* What the task asks *
Word for word, reproduce each line of the data below, omitting every image.
(Given information begins)
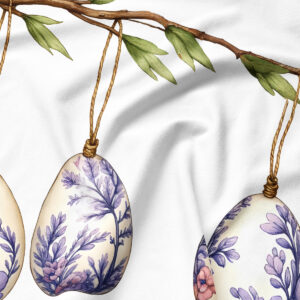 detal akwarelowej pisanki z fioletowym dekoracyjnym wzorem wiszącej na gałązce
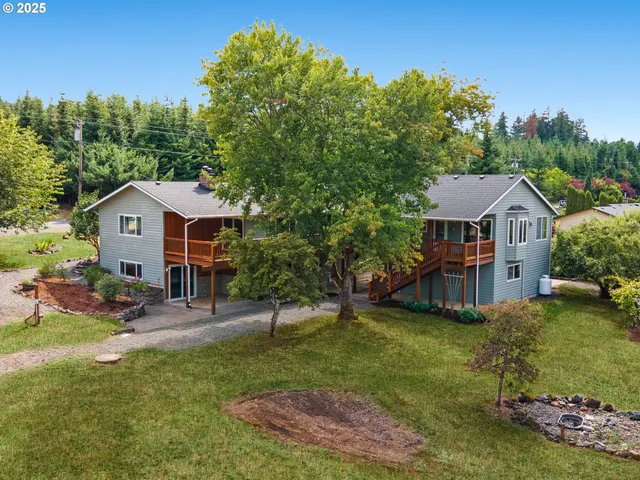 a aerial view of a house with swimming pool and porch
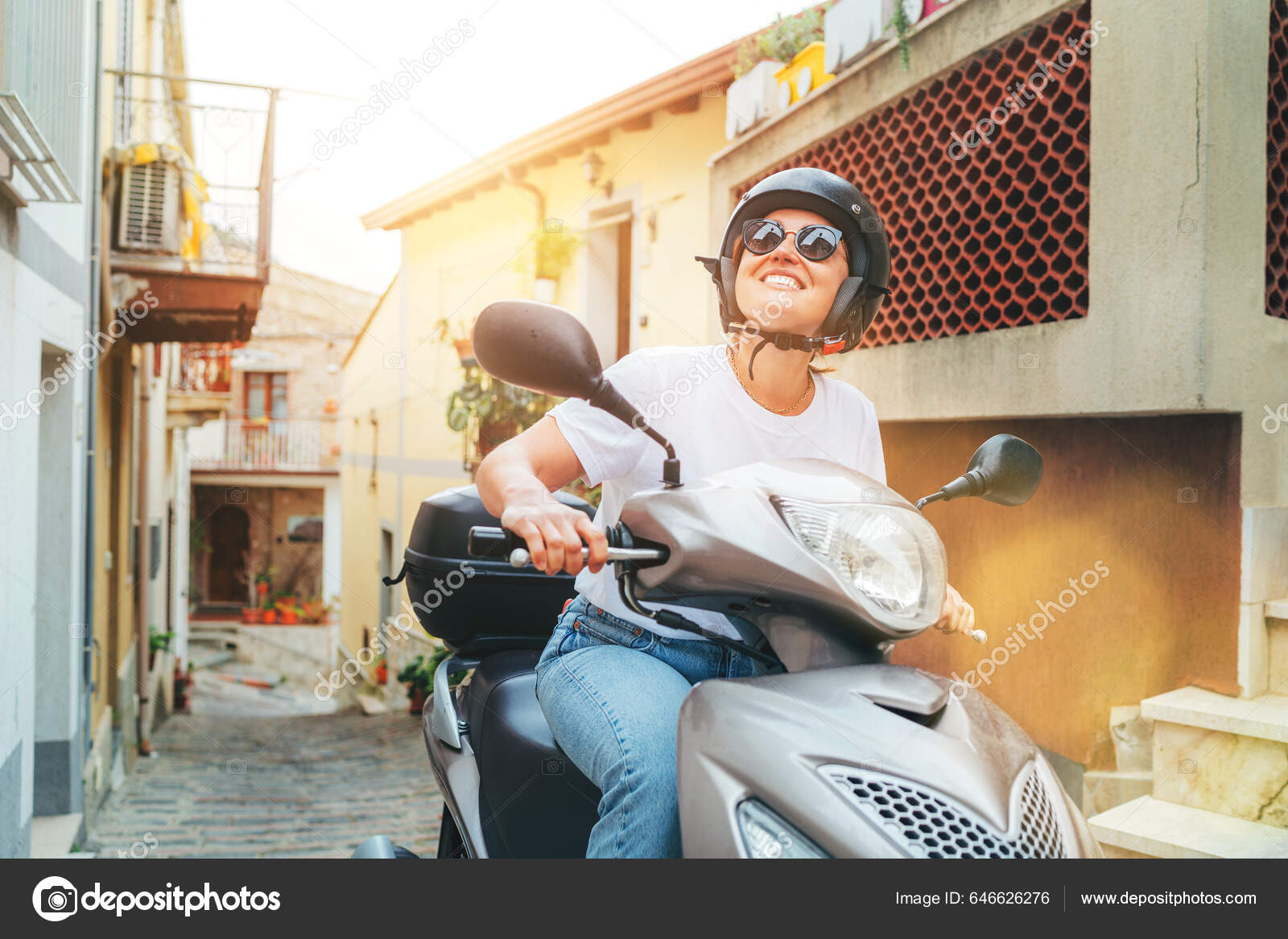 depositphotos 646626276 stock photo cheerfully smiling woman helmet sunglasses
(Given information ends)
* Your solution *
 detal akwarelowej pisanki z fioletowym dekoracyjnym wzorem wiszącej na gałązce
 a aerial view of a house with swimming pool and porch
 depositphotos 646626276 stock photo cheerfully smiling woman helmet sunglasses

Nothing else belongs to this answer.